What is causing repeated RSS Item posts on Mastodon/Twitter?

This topic was automatically generated from Slack. You can find the original thread here.

Ugh - so my “On new RSS Item, post to Mastodon/Twitter” has broken twice now. I do a new blog entry, and all my RSS Items fire, not just the new one. I need to disable it until it’s fixed - but any idea what’s going wrong?

Looking at the workflow, I can see 10 new events today - my entire feed, even though only one item is new.

Can you share the URL of your feed?

https://www.raymondcamden.com/feed.xml

does it only process the events again intermittently? Or is it emitting the duplicate events on each run?

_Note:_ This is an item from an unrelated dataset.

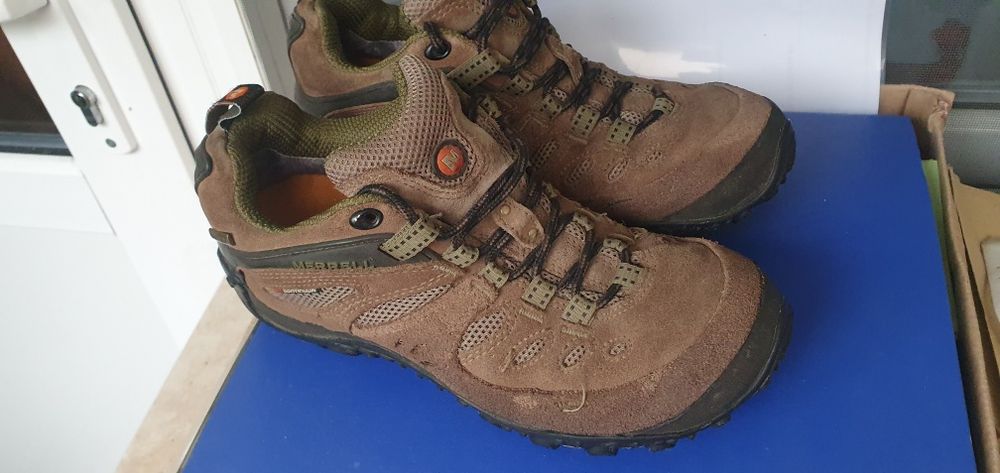 Pantofi de trekking Merrell marimea 38
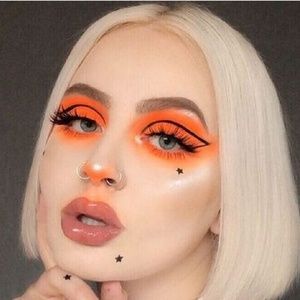 ❇️ELECTRO ORANGE Medusa's Makeup Eyeshadow NWT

its definitely only firing when i do a new blog post, so it gets that part, but then it fires once for each item in the feed

Can you DM me your workflow URL? I just need to get the workflow ID

I have a mock RSS feed producing a new event every 15 minutes and haven’t seen duplicate emits on new runs, when I get new items in the feed, but there may be some non-deterministic behavior and I’d like to look into it

is it possible that any of the information in a given entry would change over time?

<id>https://www.raymondcamden.com/2022/11/25/a-bare-bones-eleventy-template-for-glitch</id>
<title>A Bare-Bones Eleventy Template for Glitch</title>
<updated>2022-11-25T18:00:00+00:00</updated>
<link href="https://www.raymondcamden.com/2022/11/25/a-bare-bones-eleventy-template-for-glitch" rel="alternate" type="text/html" title="A Bare-Bones Eleventy Template for Glitch"/>
<content type="html"> <p>A few weeks ago I blogged about a simple <a href="https://www.raymondcamden.com/2022/10/28/an-alpinejs-template-for-glitch">Alpine.js template for Glitch</a> projects. I'm still new to <a href="https://glitch.com">Glitch</a> and wanted to give it a whirl with an Eleventy demo I wanted to share. Glitch has an Eleventy template, but it's a bit verbose. It sets up a basic blog with sample posts and such, and that's great to learn, but if you already know Eleventy, you may prefer to start off a bit simpler.</p><p>With that in mind, I created this repository: <a href="https://github.com/cfjedimaster/glitch-eleventy">https://github.com/cfjedimaster/glitch-eleventy</a> It defines an <code>.eleventy.js</code> file that specifies an input and output directory. It sets up a very basic HTML layout and an empty index page that uses it. I also used Liquid for my demo whereas the Glitch-provided one uses Nunjucks.</p><p>I was tempted to add a very basic style sheet (by basic I mean empty) and ensure Eleventy copied it to the output, but wasn't sure how often I'd use that in demos. As always, I'm open to suggestions (and PRs!) on this, but my goal is to keep this as slim as possible. If folks create new projects based on my repo and have to spend time removing stuff, then that's a failure imo. Anyway, let me know if this is helpful!</p><p>Photo by <a href="https://unsplash.com/@lazycreekimages?utm_source=unsplash&utm_medium=referral&utm_content=creditCopyText">Michael Dziedzic</a> on <a href="https://unsplash.com/s/photos/glitch?utm_source=unsplash&utm_medium=referral&utm_content=creditCopyText">Unsplash</a></p> </content>
<category term="javascript"/>
<category term="eleventy"/>
<category term="development"/>
<author>
<name>Raymond Camden</name>
<email>raymondcamden@gmail.com</email>
</author>

Currently we would hash the entire entry / item and use that to dedupe a given entry: pipedream/rss.app.ts at master · PipedreamHQ/pipedream · GitHub . If the item has both a pubdate and guid , or date_published and id, we’ll use one of those compound keys as the key of the item

i cant see how, unless i edit the feed generator, which ive not in a while

is it possible to look at the entry from an event today, and from my last post yesterday?

yeah I’ll compare the content of the emitted events

yeah if you visit https://pipedream.com and select the event for the post “Automatically Posting to Mastodon and Twitter on New RSS Items” emitted today, you’ll see a pubDate within the meta field of 2022-12-08T21:53:22.000Z. Select the event for the same post that was emitted on Dec 6th, meta.pubDate is 2022-12-06T16:27:25.000Z

oh wow

I think we can probably simplify the deduper logic to use just the post id, but I’d like to investigate that more before we modify

so i dont have pubdate in my feed, i have entry. but i bet your rss parser simplifies it to pubdata

well shoot

looking at updated, i see firm time values: <updated>2022-12-08T18:00:00+00:00</updated>

ie days change, not times

looking at Events in the source UI, looks like pubDate is being set to now?